## EXERCISE DIRECTIONS
Starting at the line that contains "Loretta - PC (Steam)" and ending at the final line of the entries below, write out each line exactly as it appears, but omit the pictures.

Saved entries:
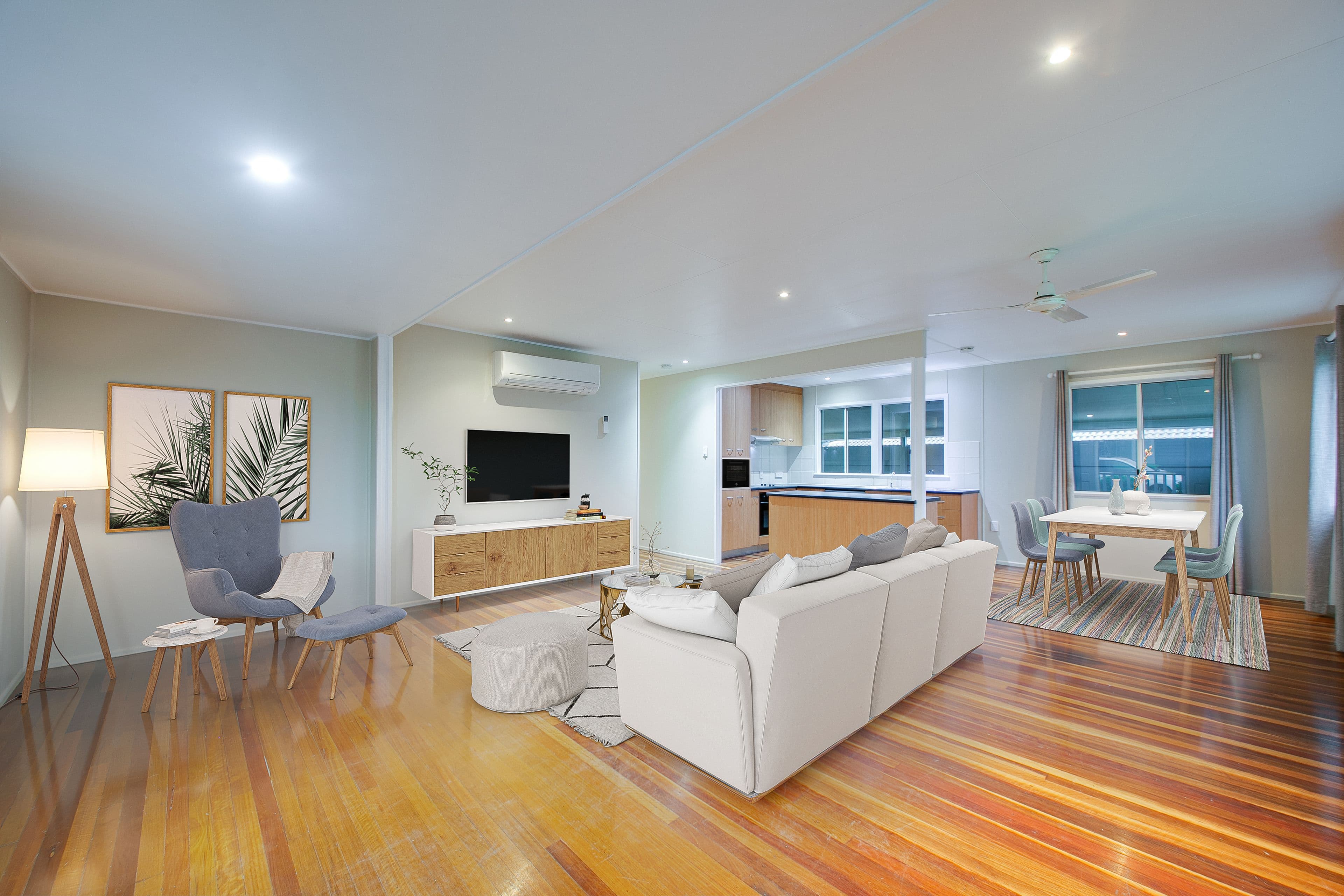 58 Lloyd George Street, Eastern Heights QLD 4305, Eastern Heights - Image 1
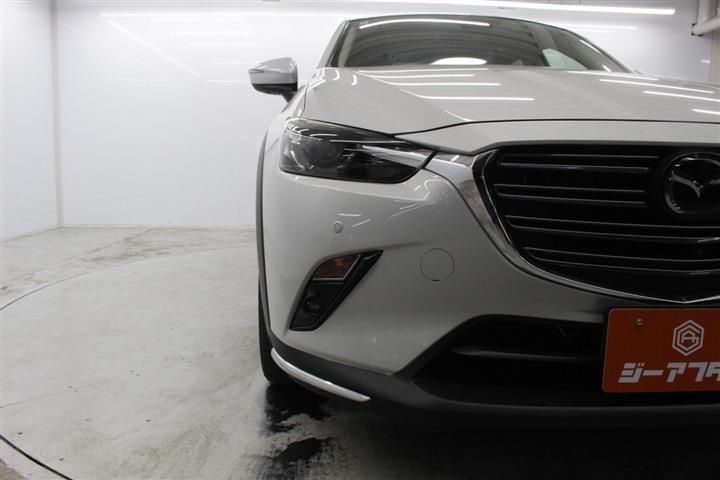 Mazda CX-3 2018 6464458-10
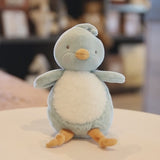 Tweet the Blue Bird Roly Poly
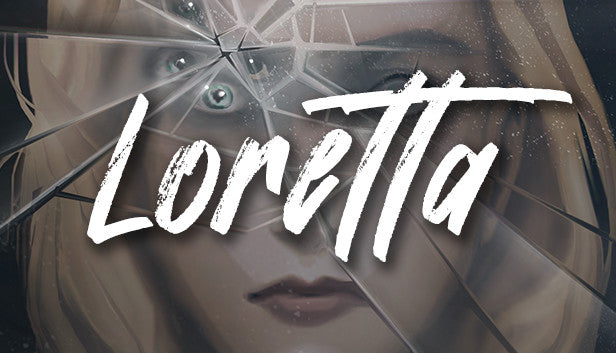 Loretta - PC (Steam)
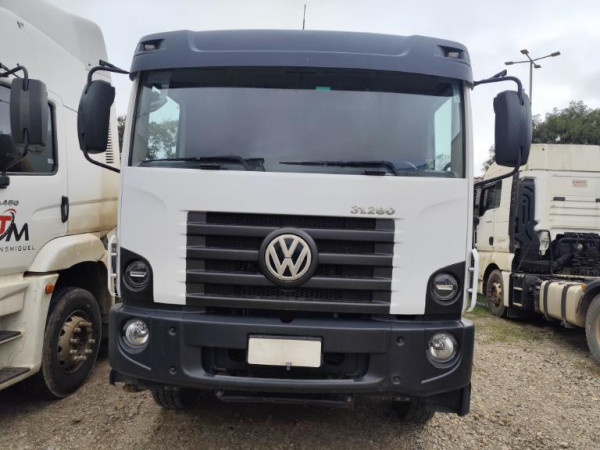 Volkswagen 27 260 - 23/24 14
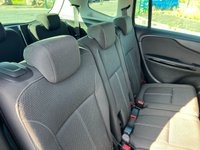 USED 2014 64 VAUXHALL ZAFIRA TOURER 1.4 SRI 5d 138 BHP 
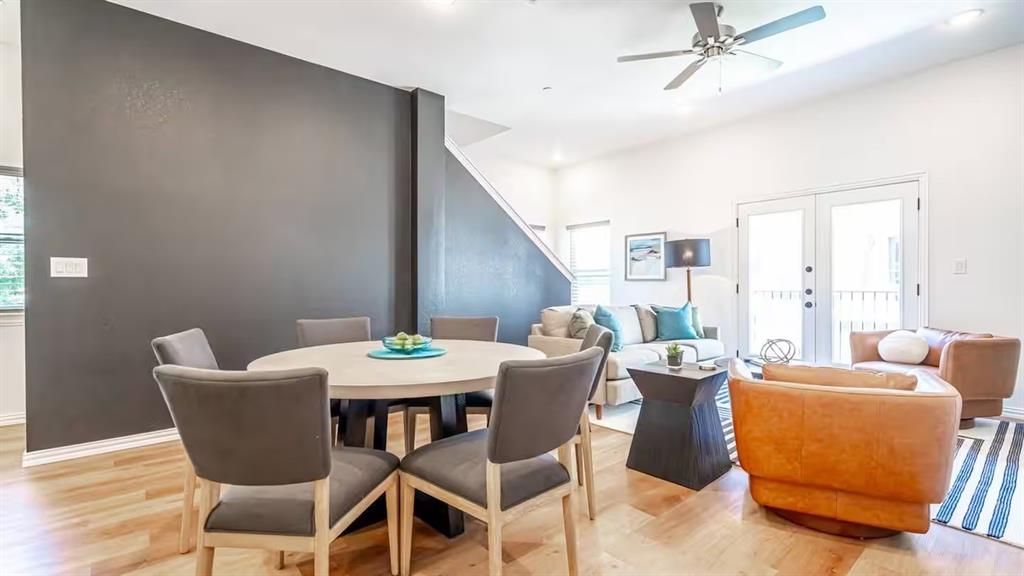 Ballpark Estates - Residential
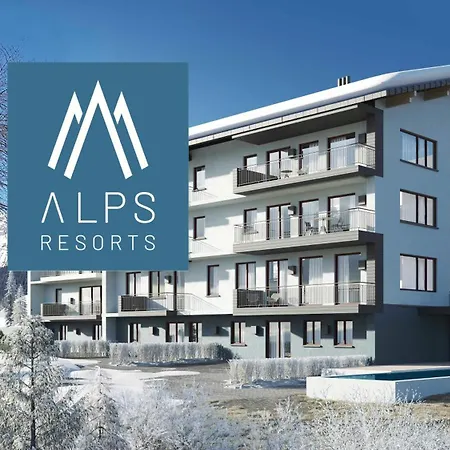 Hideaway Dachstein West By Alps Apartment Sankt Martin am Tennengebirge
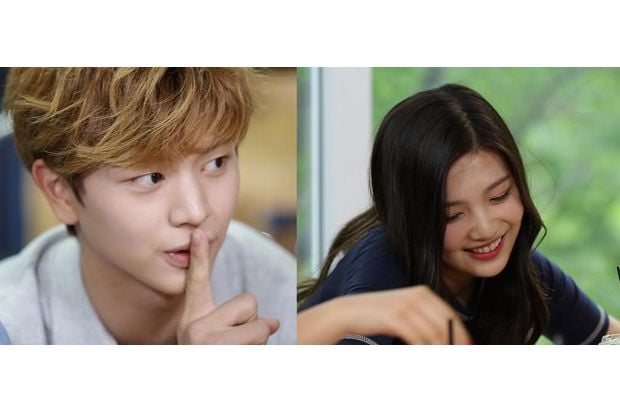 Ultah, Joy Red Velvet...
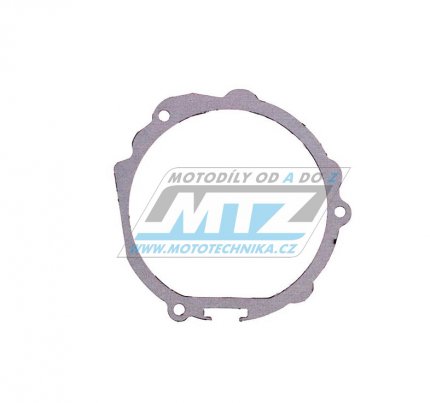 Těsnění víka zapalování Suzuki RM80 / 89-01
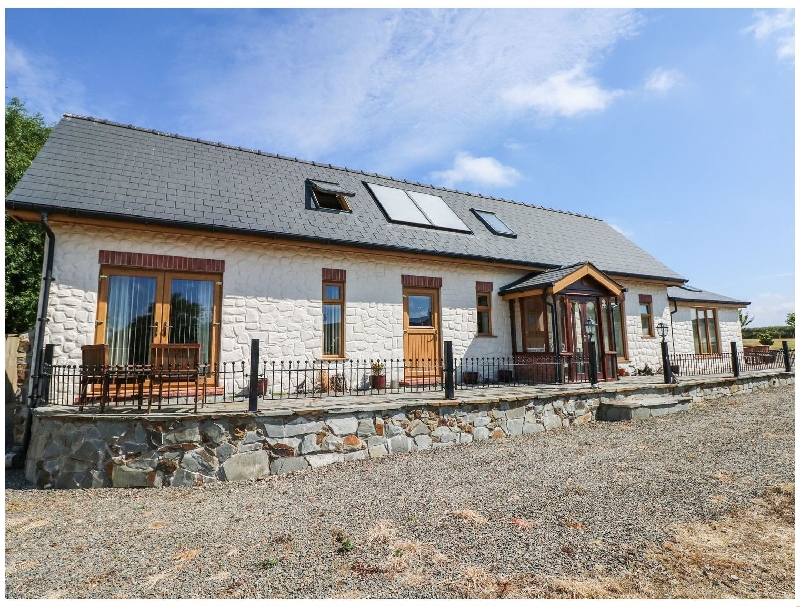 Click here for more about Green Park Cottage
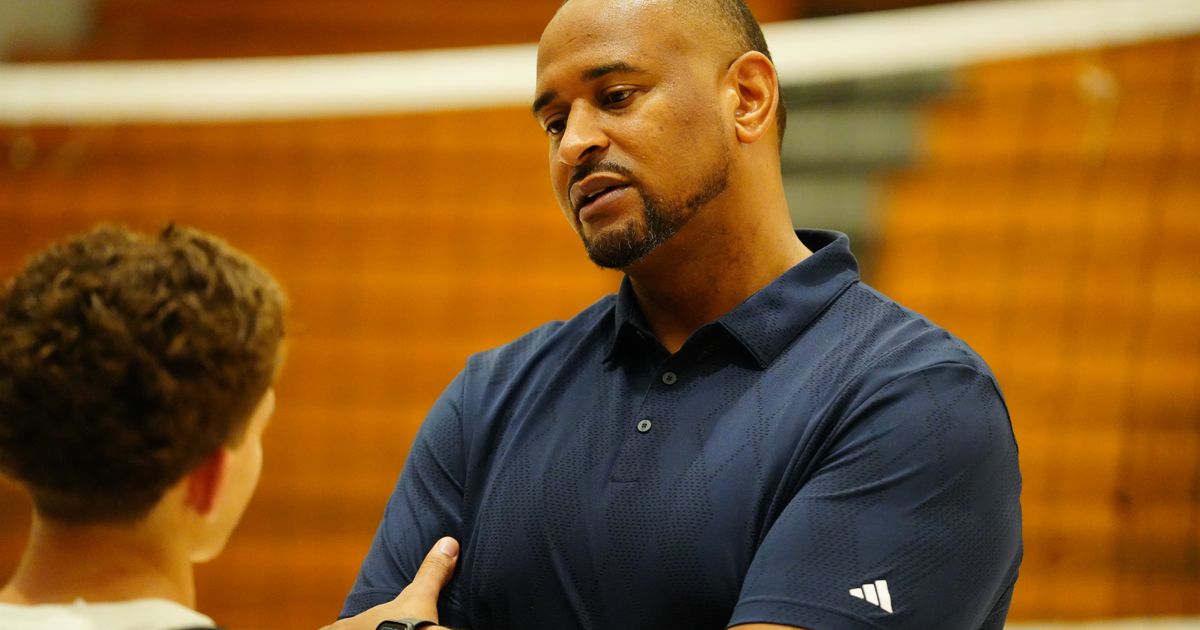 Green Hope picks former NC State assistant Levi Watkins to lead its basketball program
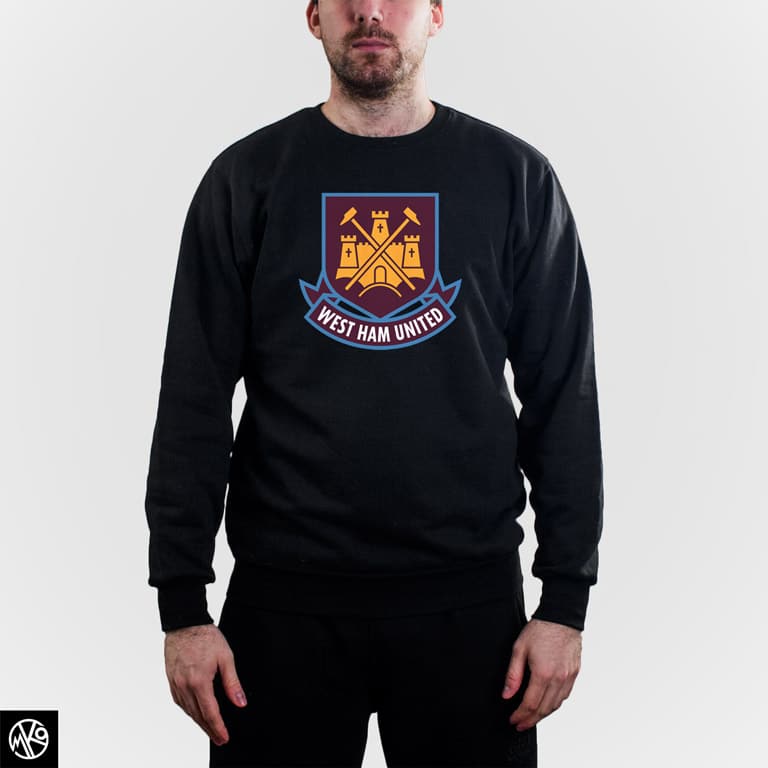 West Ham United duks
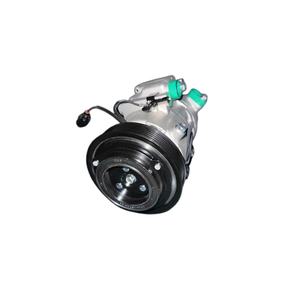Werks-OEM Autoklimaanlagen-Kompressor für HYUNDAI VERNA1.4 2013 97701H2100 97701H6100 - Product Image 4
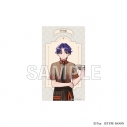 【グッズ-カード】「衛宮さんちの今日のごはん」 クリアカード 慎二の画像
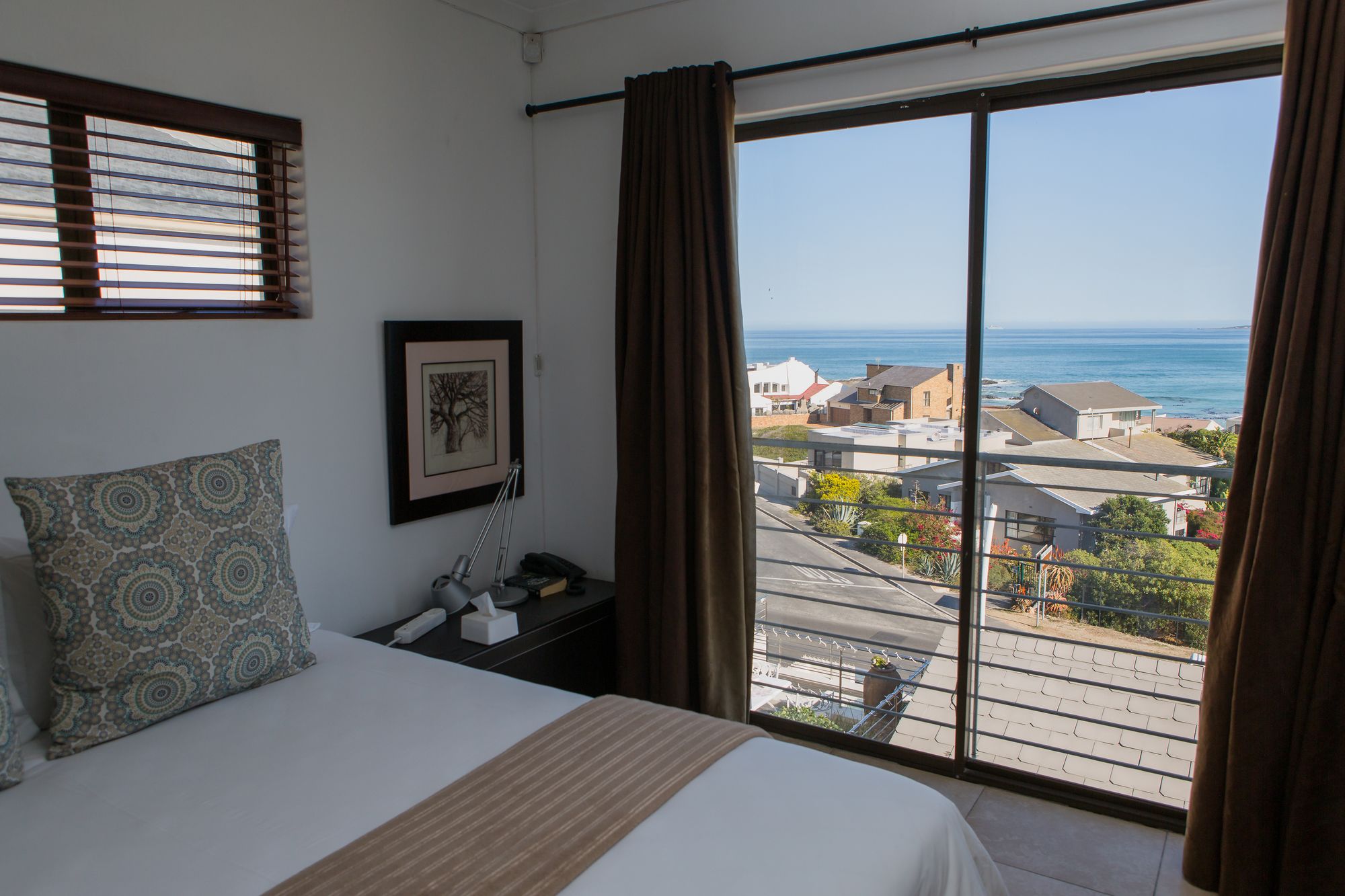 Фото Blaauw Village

## OUTPUT
 Loretta - PC (Steam)
 Volkswagen 27 260 - 23/24 14
 USED 2014 64 VAUXHALL ZAFIRA TOURER 1.4 SRI 5d 138 BHP 
 Ballpark Estates - Residential
 Hideaway Dachstein West By Alps Apartment Sankt Martin am Tennengebirge
 Ultah, Joy Red Velvet...
 Těsnění víka zapalování Suzuki RM80 / 89-01
 Click here for more about Green Park Cottage
 Green Hope picks former NC State assistant Levi Watkins to lead its basketball program
 West Ham United duks
Werks-OEM Autoklimaanlagen-Kompressor für HYUNDAI VERNA1.4 2013 97701H2100 97701H6100 - Product Image 4
 【グッズ-カード】「衛宮さんちの今日のごはん」 クリアカード 慎二の画像
 Фото Blaauw Village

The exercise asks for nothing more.